_What is expected_: In the entries below, find the line with "Dayna Suede Crisscross Wedge Espadrilles" and the line with "(52) Непрозрачная лаванда". Return those two lines and all lines between them, exactly.

_Dataset entries_:
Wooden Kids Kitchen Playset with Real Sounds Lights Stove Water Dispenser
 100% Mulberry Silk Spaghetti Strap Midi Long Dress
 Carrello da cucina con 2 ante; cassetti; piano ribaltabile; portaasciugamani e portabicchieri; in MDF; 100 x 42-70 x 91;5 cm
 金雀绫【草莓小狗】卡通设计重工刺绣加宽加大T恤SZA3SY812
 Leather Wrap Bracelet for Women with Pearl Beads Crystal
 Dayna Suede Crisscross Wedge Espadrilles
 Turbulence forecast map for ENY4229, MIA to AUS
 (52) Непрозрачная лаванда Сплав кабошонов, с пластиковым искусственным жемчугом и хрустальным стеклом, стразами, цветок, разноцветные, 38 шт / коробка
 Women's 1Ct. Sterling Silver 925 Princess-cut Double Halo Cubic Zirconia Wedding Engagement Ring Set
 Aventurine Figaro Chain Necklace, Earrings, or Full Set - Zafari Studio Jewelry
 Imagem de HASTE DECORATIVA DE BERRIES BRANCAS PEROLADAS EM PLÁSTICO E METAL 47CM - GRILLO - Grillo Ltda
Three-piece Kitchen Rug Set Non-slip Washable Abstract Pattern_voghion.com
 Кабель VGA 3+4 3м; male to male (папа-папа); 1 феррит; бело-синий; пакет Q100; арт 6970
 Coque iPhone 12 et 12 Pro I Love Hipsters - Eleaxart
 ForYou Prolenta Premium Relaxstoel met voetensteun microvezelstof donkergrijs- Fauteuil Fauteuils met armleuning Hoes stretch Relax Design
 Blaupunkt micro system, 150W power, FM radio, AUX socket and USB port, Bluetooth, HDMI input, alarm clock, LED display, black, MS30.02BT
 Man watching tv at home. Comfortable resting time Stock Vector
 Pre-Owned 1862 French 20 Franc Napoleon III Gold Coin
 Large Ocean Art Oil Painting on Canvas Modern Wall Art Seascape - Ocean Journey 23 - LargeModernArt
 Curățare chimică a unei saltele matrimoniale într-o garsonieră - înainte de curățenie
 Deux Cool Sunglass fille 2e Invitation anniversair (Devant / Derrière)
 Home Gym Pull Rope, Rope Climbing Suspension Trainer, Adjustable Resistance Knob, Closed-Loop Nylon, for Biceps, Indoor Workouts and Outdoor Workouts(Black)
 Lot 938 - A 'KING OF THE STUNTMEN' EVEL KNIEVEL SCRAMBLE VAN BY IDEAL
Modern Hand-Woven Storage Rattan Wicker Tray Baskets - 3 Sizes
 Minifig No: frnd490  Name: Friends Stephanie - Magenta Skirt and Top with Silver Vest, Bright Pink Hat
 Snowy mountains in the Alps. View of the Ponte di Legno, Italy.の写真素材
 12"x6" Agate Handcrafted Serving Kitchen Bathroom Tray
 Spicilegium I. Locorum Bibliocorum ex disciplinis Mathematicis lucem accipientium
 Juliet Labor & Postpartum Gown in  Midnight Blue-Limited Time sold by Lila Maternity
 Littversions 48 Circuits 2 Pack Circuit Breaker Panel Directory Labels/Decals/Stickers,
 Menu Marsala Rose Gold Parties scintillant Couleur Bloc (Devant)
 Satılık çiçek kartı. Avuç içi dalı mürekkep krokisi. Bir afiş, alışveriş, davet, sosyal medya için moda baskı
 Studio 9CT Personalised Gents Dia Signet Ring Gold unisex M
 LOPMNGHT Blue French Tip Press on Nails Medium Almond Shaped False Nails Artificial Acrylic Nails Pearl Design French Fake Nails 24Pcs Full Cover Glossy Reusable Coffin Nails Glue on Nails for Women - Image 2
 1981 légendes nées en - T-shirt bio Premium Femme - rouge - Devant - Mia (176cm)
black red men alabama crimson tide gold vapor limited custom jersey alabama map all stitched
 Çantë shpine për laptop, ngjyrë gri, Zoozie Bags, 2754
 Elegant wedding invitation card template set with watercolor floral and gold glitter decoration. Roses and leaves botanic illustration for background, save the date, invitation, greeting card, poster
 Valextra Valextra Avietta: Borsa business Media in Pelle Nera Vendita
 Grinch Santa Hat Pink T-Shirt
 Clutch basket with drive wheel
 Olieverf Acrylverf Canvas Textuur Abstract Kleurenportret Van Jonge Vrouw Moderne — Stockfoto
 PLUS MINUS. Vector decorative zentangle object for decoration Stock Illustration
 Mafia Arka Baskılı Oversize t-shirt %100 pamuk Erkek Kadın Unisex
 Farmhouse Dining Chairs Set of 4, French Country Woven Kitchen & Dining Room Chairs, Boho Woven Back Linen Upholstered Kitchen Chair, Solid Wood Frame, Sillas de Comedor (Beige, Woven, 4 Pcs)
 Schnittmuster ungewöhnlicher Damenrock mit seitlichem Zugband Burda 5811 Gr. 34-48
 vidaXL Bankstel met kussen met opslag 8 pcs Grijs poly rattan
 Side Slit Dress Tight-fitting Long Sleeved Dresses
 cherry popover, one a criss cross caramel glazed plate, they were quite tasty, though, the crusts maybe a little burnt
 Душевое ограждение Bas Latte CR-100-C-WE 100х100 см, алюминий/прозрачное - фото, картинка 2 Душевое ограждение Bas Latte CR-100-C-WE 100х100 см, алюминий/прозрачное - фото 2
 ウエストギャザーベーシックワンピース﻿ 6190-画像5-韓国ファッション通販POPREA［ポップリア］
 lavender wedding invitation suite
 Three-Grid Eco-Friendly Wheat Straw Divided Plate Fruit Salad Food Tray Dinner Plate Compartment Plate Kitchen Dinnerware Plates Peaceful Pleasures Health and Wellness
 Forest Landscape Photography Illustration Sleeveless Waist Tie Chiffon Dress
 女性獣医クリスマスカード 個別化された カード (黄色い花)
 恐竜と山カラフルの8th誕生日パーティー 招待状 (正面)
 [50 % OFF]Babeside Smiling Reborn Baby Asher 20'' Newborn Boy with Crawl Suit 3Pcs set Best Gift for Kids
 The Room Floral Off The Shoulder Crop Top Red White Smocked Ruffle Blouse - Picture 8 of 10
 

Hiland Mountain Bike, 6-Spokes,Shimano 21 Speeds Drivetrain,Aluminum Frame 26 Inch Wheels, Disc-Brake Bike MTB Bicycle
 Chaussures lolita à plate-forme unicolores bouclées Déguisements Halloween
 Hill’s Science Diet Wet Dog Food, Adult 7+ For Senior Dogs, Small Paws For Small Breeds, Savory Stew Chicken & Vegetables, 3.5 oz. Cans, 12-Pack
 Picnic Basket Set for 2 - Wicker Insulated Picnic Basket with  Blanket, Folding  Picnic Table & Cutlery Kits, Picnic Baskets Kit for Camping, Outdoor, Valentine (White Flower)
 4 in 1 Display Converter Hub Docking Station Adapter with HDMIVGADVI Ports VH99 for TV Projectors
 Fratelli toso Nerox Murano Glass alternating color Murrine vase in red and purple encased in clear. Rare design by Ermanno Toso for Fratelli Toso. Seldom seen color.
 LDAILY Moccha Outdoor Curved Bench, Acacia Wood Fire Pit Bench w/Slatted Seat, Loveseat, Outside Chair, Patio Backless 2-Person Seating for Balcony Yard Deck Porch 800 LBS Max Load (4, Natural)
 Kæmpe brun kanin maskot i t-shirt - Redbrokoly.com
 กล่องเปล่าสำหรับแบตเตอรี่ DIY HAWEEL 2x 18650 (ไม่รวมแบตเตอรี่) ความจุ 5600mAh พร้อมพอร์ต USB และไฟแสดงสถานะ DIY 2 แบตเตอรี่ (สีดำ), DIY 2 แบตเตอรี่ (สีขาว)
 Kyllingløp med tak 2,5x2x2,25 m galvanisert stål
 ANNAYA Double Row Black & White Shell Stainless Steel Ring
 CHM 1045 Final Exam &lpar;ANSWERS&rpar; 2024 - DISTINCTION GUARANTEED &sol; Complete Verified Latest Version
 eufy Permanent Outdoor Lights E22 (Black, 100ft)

_Solved problem_:
 Dayna Suede Crisscross Wedge Espadrilles
 Turbulence forecast map for ENY4229, MIA to AUS
 (52) Непрозрачная лаванда Сплав кабошонов, с пластиковым искусственным жемчугом и хрустальным стеклом, стразами, цветок, разноцветные, 38 шт / коробка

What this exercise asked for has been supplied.